Le ultime note di una dolcissima canzone d’ amore e tristezza si dissolsero nell’ aria serena e sonnolenta del primo pomeriggio quando la ragazza decise di afferrare le sue matite colorate per preparare uno schizzo a colori dei fiori che aveva davanti agli occhi.
Niente di esotico o misconosciuto: non erano che piccole petunie di un viola molto chiaro, quasi lilla, che aveva acquistato poco tempo prima. La loro fioritura quell’ anno era stata particolarmente copiosa, per cui i giardinieri si stavano già preparando alla drastica potatura che, presto o tardi, avrebbero dovuto fronteggiare.
Mentre la punta di grafite colorata tracciava morbida i contorni dei petali una voce maschile, calda ed emozionale, cominciò a modulare dolci parole di fiducia e consolazione: la breve canzone precedente, dal ritmo monotono e testo insulso, s’ era dissolta nelle sue orecchie come neve al sole, ma quest’ ultima l’ avrebbe impressa nella sua memoria e ne avrebbe fatto tesoro, in modo da creare, a partire da essa, qualcosa di bellissimo, proprio come i valenti scultori che tanto amava erano riusciti a creare opere immortali a partire da un semplice blocco di marmo.
La canzone procedeva, la matita imprimeva fluida le sue linee sul mare bianco del foglio di carta e i pensieri tristi che le avevano attanagliato la mente fino alla settimana precedente cedevano finalmente il posto ad altri, più allegri e colorati, che alla stregua di un raggio di sole che squarcia le nubi le donavano felicità.
Mano a mano il testo e la melodia del brano che stava ascoltando, il movimento armonioso della sua mano pallida e le sue riflessioni si fusero in un unico vortice di ordinata serenità, mentre la coscienza dell’ atto del disegno quasi si annullò in esso.
“Io provo ad essere freddo, ma la verità è che sei sempre nella mia menteProvo solo dolore se non sei al mio fianco[1].”
Mai parole furono più vere. Grazie a quel ragazzo la sua maschera di ghiaccio si stava poco a poco frantumando, anzi sciogliendo, per fare gradualmente posto ad un nuova vera identità.

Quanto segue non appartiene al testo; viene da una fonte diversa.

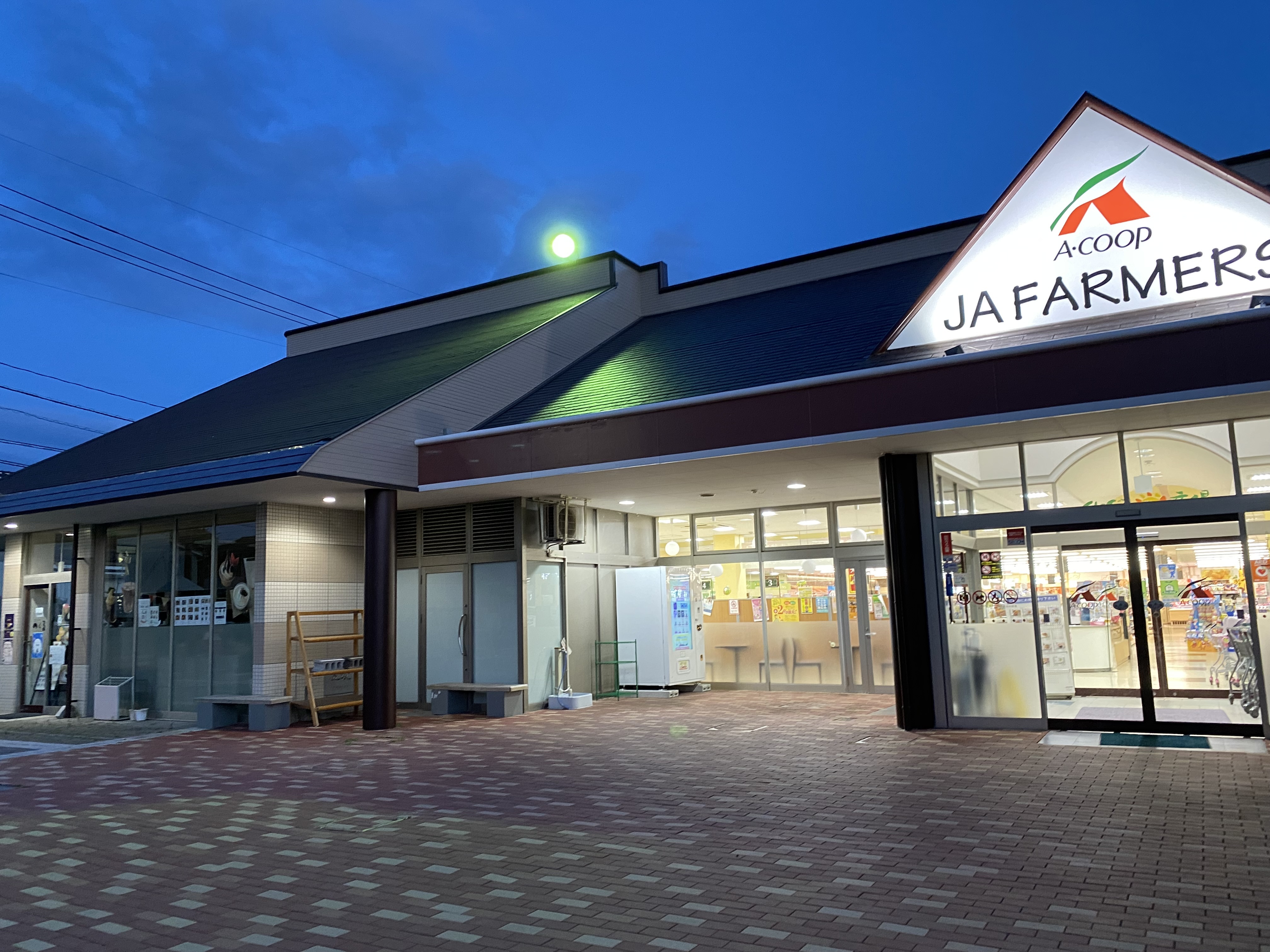 【Aコープたまゆ店】食物販や販促イベントに最適な店頭軒下スペース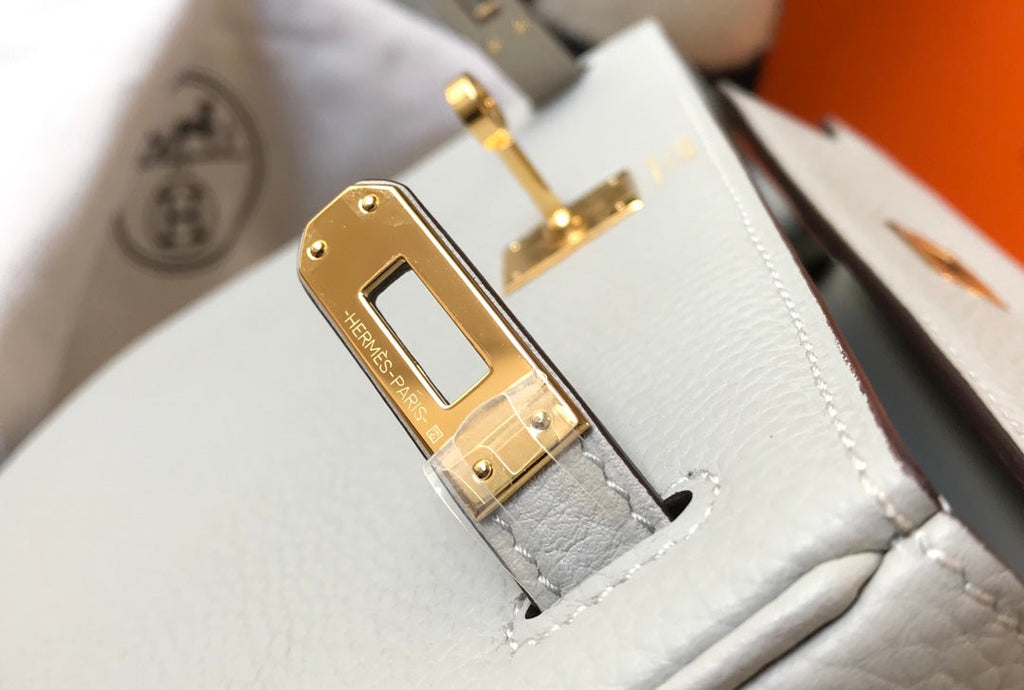 HM KELLY 32CM CUIR TOGO BLANC QUINCAILLERIE DORÉ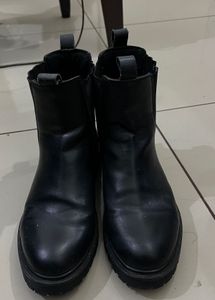 Delize Black Faux Leather Chelsea Boots
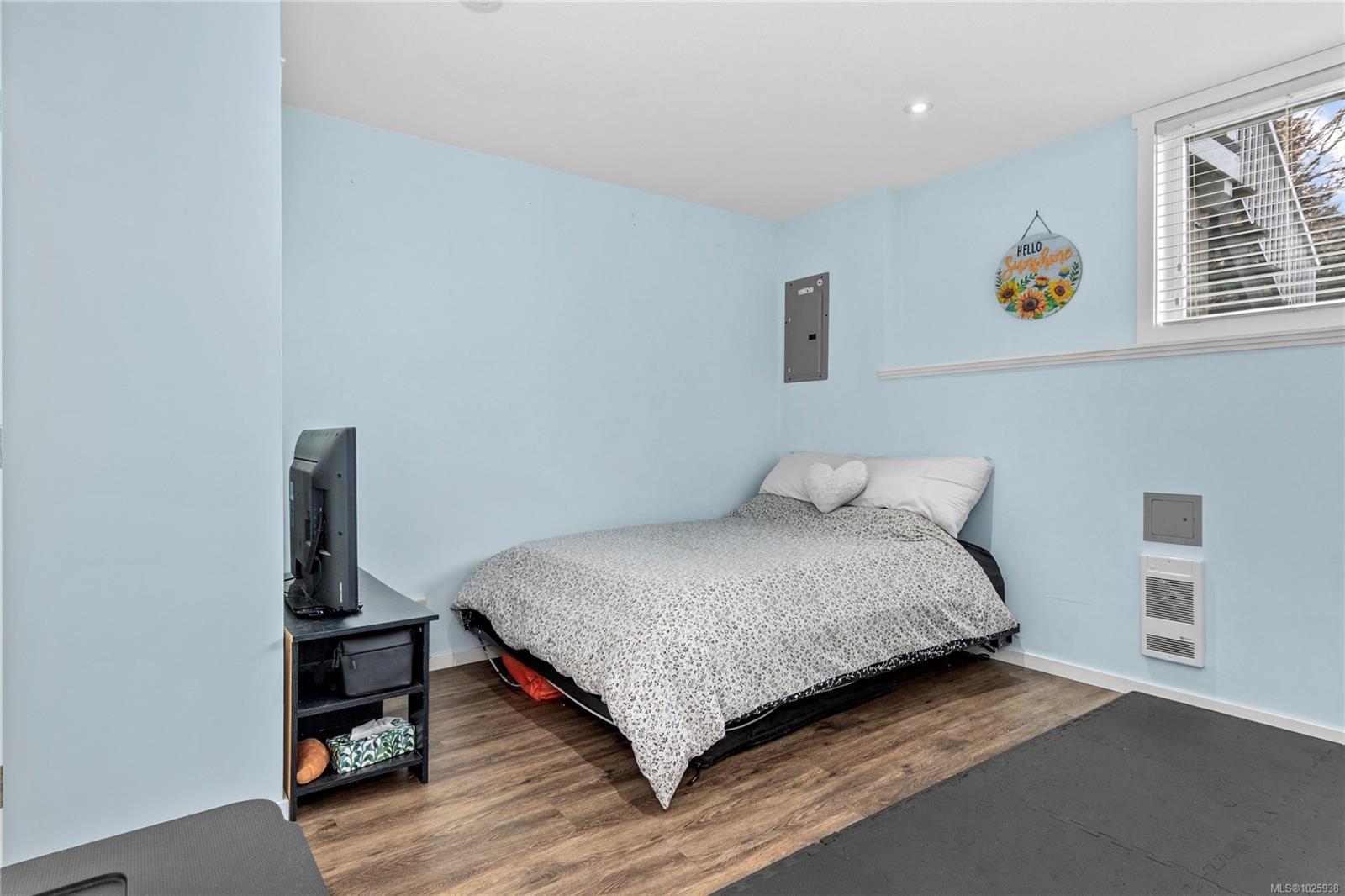 2320 Embleton Cres # A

“Nuova” perché quelle dolorose esperienze avevano lasciato una traccia indelebile nel profondo della sua anima, talmente profonda da non poterla ignorare: difficilmente avrebbe potuto ritornare quella di un tempo.
Stava subendo una metamorfosi volontaria, da bruco a farfalla: lei non aveva niente a che vedere con Narciso, Dafne, Mirra o Ferhad[2]. Semplicemente si era presa una pausa, durante la quale disegni ignoti si stavano formando a creare trama e ordito delle sue nuove ali.
Una delle immagini che avrebbe sicuramente visto sarebbe stata una mano tesa.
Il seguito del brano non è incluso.